DATA SEGMENT:

● ● ●

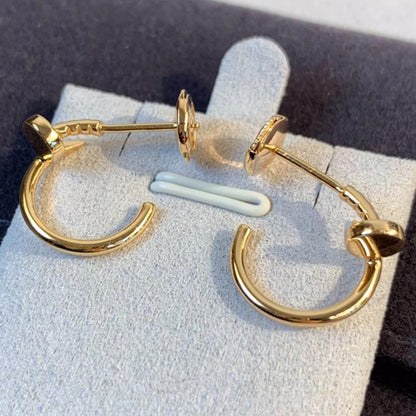 [Glow Muse]JUSTE EARRINGS  GOLD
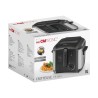 Fryer 2.5L 1600W Clatronic FR 3649 Black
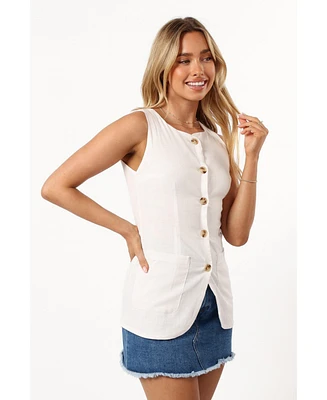 Petal and Pup Women's June Vest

● ● ●

EXERCISE:
Leave out the pictures. Transcribe the rest of the listing above exactly.

PROBLEM SOLUTION:
 [Glow Muse]JUSTE EARRINGS  GOLD
 Fryer 2.5L 1600W Clatronic FR 3649 Black
 Petal and Pup Women's June Vest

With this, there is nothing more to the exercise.